Date: Sunday, October 21, 2018
Session Type: ACR Poster Session A
Session Time: 9:00AM-11:00AM
Background/Purpose: Increased insulin resistance and impaired β-cell function have been demonstrated in rheumatoid arthritis (RA). The aim of the study was to analyze the association of these metabolic disturbances with glucocorticoid (GC) therapy.
Methods: The study population included 127 non-diabetic subjects: 90 RA pts (mean age 52.4±9.9 yrs, disease duration 9 yrs, range 4-13) and 37 matched controls (mean age 49.0±7.5 yrs). All pts were on disease modifying anti-rheumatic drugs (methotrexate in 93.3%), biologic therapy in 27.8%, and GC in 65.6%, none on GC>10 mg/day (median dose 5 mg/day, range 5-10, during 4 yrs (range 2-6 yrs), cumulative GC dose was 9.1 g (5.5-16.4 g). Clinical work-up included determination of the body mass index (BMI), waist circumference (WC), blood pressure (BP), disease activity (mDAS28-SE), inflammation markers, lipids, glucose, specific insulin, and C peptide. The updated-computer Homeostasis Model Assessment was used to calculate insulin resistance (HOMA2-IR) and β-cell function (HOMA2-%B). HOMA2-IR>1 was defined as increased insulin resistance. Lack of compensatory rise of HOMA2-%B implied impaired β-cell function.
Results: Increased insulin resistance (logHOMA2-IR>1) was detected in 74.4% of RA pts and in 54.2% of controls, p=0.025. RA pts had also higher values of logHOMA2-IR than controls 1.4 (range 1.0-2.3) vs. 1.2 (range 0.8-1.4); p=0.008; which was followed with impaired β cell function: HOMA2-%B 148 (116-190) vs.141 (114-158) p=0.186. Univariate regression revealed association of logHOMA2-IR with all insulin resistance risk factors: age, BMI, WC, BP, and triglycerides, while multivariate analysis demonstrated that beside BMI, and triglycerides, daily dose of GC was an independent risk factor for logHOMA2-IR (β 0.191, 95% CI 0.020-0.361, p=0.029). On the other hand, statistical difference was not found for duration of GC therapy and cumulative GC dose. Analyzing patients with and without GC therapy statistical difference was not found regarding any parameters of glucose metabolism, as well as all classic insulin resistance risk factors (Table 1). In comparison with controls, higher insulin resistance was found for RA pts with GC therapy, which was not followed with differences in B cell function. Patients without GC therapy also had higher insulin resistance, but the statistical significance was borderline. Both RA groups had significantly higher number of subjects with increased insulin resistance than controls.

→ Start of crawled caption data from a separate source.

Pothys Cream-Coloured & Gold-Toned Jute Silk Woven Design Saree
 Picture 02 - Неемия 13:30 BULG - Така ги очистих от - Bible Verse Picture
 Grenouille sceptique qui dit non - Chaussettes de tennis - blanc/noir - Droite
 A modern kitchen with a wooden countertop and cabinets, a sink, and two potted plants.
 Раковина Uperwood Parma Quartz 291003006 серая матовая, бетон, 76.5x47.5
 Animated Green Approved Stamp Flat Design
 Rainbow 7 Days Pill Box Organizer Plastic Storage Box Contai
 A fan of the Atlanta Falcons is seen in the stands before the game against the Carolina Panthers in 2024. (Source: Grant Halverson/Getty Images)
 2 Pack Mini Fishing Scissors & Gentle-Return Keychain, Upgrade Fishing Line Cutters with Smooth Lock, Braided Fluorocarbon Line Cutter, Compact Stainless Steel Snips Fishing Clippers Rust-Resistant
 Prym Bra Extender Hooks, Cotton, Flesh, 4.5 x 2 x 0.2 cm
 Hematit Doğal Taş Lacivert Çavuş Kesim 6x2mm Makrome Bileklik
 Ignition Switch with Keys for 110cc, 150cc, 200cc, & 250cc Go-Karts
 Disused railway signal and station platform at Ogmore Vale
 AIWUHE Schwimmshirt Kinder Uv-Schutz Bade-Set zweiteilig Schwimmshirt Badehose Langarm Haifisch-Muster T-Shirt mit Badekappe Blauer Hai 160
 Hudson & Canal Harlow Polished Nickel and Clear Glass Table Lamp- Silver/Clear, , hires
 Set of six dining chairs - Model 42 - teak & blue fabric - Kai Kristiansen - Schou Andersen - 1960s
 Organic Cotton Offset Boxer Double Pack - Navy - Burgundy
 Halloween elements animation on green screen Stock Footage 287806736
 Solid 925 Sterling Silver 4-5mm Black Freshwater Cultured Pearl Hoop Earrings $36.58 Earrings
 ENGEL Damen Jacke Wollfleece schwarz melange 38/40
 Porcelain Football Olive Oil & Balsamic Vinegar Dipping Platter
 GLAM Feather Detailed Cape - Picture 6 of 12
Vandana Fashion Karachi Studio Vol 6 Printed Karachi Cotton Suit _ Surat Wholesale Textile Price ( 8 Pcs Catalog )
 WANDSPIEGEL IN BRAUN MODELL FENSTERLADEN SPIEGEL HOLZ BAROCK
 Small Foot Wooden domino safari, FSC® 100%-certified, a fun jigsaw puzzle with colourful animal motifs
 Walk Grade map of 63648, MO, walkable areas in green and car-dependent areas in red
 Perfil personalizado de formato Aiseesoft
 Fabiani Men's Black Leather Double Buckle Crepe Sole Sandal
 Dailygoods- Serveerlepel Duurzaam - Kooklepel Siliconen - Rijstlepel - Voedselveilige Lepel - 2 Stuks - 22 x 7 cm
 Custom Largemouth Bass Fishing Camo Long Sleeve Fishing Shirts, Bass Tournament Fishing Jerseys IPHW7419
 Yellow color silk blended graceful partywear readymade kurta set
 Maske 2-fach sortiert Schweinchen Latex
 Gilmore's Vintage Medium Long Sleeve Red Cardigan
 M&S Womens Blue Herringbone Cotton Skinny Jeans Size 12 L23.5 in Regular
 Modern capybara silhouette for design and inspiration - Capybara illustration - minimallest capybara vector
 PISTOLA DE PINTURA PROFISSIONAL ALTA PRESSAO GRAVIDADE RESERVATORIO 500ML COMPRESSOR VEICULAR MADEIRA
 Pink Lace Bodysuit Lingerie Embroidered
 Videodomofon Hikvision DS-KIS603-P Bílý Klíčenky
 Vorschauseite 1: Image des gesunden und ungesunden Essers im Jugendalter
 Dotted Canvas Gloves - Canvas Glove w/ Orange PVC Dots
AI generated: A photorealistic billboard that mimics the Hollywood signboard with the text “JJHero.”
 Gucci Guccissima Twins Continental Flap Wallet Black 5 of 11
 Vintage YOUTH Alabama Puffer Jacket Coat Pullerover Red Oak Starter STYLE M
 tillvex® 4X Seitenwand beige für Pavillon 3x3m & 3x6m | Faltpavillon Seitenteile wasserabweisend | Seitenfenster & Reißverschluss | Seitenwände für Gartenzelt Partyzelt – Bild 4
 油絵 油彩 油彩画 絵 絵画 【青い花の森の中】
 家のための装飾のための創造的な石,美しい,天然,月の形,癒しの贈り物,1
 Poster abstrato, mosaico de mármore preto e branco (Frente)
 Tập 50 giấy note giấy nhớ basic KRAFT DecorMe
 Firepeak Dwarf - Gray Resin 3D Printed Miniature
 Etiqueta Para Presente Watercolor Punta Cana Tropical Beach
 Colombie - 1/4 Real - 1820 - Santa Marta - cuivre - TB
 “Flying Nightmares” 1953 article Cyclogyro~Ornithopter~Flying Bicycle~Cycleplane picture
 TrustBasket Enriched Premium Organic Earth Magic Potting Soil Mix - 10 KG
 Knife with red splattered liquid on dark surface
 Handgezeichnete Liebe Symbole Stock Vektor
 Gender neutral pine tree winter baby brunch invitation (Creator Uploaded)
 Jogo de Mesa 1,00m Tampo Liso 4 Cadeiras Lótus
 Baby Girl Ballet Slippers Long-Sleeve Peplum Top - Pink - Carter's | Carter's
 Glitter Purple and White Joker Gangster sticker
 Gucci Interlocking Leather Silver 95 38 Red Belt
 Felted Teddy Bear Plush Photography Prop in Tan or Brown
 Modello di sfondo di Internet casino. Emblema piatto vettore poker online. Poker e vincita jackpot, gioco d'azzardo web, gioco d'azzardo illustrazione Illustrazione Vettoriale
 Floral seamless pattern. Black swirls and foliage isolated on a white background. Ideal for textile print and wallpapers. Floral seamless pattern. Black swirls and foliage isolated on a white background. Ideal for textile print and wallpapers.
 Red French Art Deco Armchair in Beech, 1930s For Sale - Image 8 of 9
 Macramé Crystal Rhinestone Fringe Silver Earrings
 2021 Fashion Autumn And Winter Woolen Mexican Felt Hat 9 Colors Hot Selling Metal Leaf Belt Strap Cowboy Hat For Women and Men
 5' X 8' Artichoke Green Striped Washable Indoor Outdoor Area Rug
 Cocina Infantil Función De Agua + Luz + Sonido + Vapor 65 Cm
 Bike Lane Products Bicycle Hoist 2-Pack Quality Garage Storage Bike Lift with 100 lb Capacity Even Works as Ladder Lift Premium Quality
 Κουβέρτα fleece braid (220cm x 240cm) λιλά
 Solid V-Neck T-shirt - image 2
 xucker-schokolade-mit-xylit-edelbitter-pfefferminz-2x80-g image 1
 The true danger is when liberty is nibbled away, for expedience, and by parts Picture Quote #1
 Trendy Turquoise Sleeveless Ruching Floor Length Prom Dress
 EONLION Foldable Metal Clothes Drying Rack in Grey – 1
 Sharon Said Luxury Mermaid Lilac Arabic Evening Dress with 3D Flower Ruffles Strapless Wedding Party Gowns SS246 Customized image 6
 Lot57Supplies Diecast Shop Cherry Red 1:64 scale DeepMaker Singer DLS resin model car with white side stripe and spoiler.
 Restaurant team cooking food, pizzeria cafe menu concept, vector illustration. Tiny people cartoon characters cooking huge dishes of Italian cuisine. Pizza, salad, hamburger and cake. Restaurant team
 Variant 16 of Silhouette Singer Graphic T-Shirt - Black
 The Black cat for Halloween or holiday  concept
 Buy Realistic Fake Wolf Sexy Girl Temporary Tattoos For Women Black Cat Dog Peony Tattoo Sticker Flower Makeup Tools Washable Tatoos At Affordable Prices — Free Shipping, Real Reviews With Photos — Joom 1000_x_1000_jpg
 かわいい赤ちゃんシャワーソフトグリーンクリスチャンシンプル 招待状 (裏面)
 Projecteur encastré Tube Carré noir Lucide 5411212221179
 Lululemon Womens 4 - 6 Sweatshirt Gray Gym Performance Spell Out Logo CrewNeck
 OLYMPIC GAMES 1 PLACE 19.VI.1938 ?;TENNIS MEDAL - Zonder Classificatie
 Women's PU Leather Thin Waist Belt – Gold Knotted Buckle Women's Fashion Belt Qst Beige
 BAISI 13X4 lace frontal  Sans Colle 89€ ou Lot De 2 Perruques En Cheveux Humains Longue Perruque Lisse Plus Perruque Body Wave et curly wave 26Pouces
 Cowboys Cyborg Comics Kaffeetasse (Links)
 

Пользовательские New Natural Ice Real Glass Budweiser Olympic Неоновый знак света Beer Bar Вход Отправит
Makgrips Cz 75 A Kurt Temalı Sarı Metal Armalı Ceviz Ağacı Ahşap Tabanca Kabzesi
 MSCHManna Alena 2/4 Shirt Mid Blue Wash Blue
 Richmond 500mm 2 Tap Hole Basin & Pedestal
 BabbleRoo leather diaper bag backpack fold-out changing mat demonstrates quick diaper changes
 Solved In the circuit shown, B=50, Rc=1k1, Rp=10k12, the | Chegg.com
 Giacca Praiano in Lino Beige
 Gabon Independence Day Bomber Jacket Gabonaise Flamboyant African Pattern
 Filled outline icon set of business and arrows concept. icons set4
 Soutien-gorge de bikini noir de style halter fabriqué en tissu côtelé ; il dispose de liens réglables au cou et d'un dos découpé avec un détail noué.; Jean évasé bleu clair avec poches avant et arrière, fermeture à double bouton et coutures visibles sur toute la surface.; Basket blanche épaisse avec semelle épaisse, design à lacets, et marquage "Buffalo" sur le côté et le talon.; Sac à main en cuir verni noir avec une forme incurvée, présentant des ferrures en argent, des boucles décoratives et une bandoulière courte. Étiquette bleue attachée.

Conclusion: There was no significant difference in insulin resistance between RA pts with and without GC therapy. Daily dose has more significant influence than duration of GC therapy and cumulative GC dose but this therapy does not play a principal role in increased insulin resistance in RA pts.
To cite this abstract in AMA style:Ristic G, Subota V, Stanisavljevic D, Glisic B, Petronijevic M, Stefanovic D. Increased Insulin Resistance and Impaired Beta-Cell Function in Patients with Rheumatoid Arthritis: The Role of Glucocorticoid Therapy? [abstract]. Arthritis Rheumatol. 2018; 70 (suppl 10). https://acrabstracts.org/abstract/increased-insulin-resistance-and-impaired-beta-cell-function-in-patients-with-rheumatoid-arthritis-the-role-of-glucocorticoid-therapy/. Accessed September 19, 2019.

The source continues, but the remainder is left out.